Image-text web data:
——————
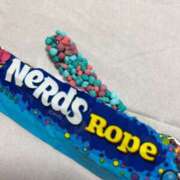 ヒメ日記 2025/02/25 18:23 投稿 ♡チフネ MEGA PALACE(メガパレス）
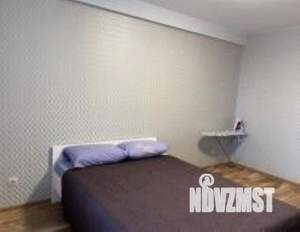 3-к квартира, посуточно, 100м2, 1/1 этаж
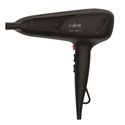 Sèche-cheveux Studio Dry CV5803C0 2200 Watts 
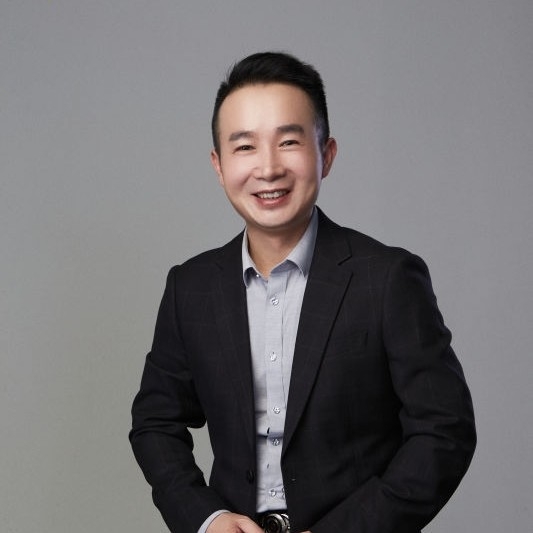 如果没有如果的第一张照片--连江相亲服务中心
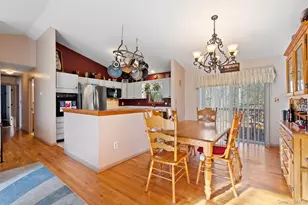 171 E Rd, Wallkill, NY 12589 - Photo 6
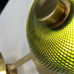 Бра Green Disk Double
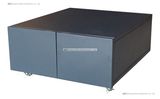 Kyocera Copier Desk (KY-031)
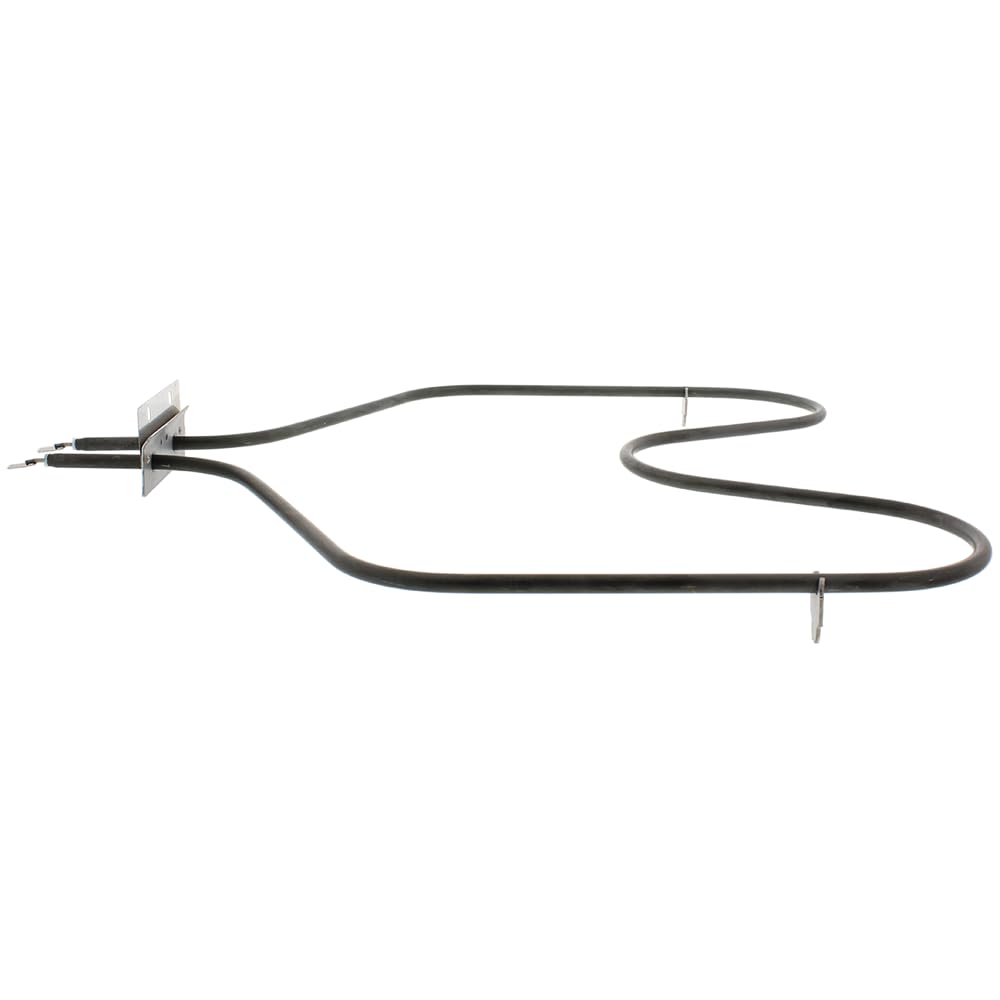 Whirlpool Stove Oven Bake Element Replacement Part B790 | Compatible with 308180, CH4836, Y0410020, TS790 | Durable Heating Coil for Baking & Roasting | Perfect for Home Kitchens & Professional Cooking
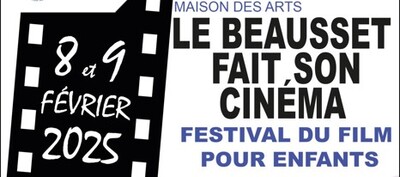 Agence Immobiliere Le Beausset / Le Beausset fte le Cinma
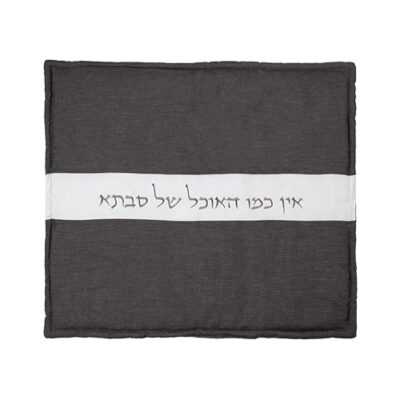 כיסוי פלטת חום 80*70 ס"מ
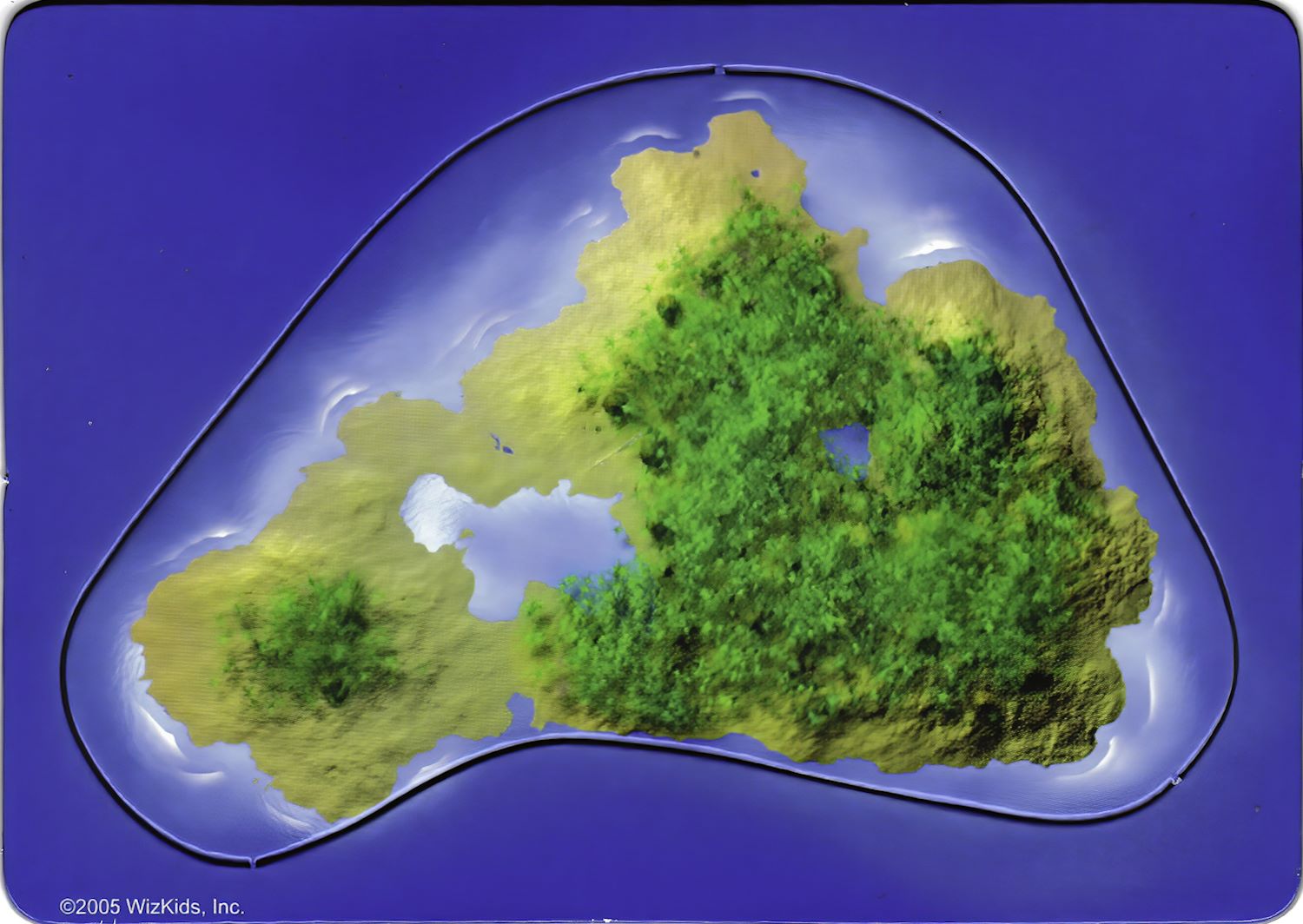 CC136i_island_heads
——————
Pictures stay out; reproduce exactly the lines from the one containing "Agence Immobiliere Le" through the end of the data.

Task result
 Agence Immobiliere Le Beausset / Le Beausset fte le Cinma
 כיסוי פלטת חום 80*70 ס"מ
 CC136i_island_heads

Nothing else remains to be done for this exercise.